Perkawinan Sejenis Perspektif Hukum Positif dan Hukum Islam
(Maulida Maulaya Hubbah*)
(*Mahasiswa KKL IAIN Jember 2020 pada PA Probolinggo)
A. Pendahuluan
Salah satu syarat sah dari suatu perkawinan menurut ketentuan hukum positif sebagaimana Undang-Undang No. 1 Tahun 1974 yang menyebutkan bahwa adanya ikatan lahir batin antara laki-laki dan perempuan.
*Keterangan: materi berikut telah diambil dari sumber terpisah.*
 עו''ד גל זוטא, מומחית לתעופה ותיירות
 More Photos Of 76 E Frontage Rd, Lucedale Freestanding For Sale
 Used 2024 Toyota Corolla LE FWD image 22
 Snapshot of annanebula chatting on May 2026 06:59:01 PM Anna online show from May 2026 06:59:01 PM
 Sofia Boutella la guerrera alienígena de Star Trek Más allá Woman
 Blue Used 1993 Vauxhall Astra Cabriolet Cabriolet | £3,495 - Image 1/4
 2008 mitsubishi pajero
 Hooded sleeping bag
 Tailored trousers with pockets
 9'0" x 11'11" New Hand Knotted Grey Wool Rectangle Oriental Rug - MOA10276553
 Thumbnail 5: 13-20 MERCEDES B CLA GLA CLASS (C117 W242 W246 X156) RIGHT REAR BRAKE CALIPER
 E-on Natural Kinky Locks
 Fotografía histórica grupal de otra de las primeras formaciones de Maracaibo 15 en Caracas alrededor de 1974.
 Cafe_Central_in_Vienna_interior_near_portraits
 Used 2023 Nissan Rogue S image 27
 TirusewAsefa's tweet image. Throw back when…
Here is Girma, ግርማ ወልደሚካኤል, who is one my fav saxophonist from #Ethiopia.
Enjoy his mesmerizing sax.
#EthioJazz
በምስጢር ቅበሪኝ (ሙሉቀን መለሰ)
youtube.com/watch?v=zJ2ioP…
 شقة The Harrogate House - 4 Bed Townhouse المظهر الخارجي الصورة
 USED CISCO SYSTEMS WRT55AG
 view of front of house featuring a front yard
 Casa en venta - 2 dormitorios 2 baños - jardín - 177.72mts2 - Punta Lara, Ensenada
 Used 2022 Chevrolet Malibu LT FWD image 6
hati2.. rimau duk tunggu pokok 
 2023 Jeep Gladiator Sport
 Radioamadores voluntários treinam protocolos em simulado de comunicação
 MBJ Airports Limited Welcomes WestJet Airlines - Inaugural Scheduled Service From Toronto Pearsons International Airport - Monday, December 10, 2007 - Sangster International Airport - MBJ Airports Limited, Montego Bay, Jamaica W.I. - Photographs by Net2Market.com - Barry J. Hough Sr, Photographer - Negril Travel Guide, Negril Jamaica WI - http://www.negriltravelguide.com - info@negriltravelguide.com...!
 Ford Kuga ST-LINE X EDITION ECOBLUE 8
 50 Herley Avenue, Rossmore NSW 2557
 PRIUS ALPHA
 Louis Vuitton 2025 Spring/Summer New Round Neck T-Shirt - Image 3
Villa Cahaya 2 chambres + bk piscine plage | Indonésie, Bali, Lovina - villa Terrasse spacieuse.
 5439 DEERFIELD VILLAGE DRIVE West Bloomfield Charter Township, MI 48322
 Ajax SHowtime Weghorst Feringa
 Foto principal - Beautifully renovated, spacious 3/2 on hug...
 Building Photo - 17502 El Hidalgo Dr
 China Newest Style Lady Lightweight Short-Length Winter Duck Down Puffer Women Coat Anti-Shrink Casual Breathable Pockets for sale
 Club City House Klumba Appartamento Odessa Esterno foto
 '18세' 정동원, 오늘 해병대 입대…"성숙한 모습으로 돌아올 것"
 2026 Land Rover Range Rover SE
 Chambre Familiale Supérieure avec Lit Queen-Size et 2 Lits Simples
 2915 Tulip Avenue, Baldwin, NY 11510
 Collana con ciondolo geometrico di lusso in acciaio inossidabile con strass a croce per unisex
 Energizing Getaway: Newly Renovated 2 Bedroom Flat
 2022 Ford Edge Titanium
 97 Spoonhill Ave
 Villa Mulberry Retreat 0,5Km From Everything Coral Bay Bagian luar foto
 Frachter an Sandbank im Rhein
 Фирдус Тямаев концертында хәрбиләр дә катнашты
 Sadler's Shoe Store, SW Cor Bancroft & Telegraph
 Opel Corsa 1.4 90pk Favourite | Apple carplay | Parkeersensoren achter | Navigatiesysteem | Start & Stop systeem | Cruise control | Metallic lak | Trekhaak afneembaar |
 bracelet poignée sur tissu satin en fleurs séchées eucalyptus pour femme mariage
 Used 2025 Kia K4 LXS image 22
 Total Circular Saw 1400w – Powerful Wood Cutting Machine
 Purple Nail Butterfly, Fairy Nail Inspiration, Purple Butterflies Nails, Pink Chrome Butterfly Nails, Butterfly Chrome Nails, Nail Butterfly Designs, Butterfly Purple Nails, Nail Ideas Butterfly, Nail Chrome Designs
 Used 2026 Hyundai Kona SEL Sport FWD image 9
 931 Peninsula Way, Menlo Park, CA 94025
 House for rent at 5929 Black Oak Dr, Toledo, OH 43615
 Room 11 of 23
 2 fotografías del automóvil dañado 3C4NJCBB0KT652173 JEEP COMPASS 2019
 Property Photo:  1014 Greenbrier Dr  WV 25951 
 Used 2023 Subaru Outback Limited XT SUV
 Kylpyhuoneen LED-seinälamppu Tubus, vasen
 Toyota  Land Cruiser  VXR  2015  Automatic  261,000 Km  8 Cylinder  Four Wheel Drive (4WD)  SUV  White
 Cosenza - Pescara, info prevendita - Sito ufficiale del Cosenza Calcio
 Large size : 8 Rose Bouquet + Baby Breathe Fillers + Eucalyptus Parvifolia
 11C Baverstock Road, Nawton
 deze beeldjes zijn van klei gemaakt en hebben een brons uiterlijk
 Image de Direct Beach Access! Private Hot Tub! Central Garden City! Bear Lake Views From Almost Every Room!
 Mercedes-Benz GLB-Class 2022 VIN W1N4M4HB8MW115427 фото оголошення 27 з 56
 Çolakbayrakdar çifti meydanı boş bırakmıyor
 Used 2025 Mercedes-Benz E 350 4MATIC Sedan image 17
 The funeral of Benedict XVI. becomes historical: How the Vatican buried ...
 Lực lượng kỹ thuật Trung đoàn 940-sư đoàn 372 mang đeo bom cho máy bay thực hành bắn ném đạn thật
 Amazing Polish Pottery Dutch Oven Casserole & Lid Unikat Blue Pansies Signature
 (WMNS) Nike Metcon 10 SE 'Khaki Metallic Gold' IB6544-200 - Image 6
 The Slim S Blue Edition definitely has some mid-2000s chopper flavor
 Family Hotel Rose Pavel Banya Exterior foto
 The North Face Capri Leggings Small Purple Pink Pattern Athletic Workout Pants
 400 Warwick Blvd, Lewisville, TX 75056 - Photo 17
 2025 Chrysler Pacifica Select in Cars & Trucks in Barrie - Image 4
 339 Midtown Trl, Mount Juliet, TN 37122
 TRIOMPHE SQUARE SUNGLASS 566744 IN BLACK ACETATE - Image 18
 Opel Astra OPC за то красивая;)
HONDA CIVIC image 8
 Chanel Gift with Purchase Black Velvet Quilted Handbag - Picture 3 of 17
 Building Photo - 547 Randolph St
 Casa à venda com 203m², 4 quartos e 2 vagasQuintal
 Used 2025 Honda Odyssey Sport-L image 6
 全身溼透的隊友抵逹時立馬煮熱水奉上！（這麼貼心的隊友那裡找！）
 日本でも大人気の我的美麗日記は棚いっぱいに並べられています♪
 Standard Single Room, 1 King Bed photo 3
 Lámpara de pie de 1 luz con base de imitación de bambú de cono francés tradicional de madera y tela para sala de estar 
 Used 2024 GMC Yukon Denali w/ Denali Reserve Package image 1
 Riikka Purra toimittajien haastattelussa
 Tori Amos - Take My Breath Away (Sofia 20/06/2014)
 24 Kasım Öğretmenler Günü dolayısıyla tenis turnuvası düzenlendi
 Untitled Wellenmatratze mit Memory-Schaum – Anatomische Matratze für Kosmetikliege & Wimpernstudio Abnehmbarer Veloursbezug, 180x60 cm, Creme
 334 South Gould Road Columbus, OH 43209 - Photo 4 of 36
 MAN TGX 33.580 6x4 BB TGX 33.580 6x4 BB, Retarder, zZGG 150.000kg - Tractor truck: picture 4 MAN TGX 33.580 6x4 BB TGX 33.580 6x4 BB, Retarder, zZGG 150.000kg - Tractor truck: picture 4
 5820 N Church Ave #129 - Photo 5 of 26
Sementara itu, hukum Islam lebih lanjut menekankan bahwa perkawinan menjadi sah apabila terdapat tujuan untuk menegakkan ajaran agama dalam kesatuan kelurga yang bersifat parental.
Namun, masalah yang kemudian muncul adalah kebebasan hak asasi manusia (HAM) dalam menuntut kebebasan memilih dan menentukan perkawinannya. Salah satu kebebasan yang dikehendaki tersebut yakni perkawinan sejenis yang dilakukan oleh kaum gay dan lesbian. Perkawinan sejenis dipandang destruktif dan menyalahi kodrati fitrah manusia yang seharusnya dapat melakukan ikatan bersama lawan sejenis dan mendapat keturunan, namun berbeda dengan perkawinan sejenis yang lebih menginginkan hubungan menyimpang tersebut atas dasar cinta kasih sayang guna membentuk keluarga melalui perkawinan yang sah.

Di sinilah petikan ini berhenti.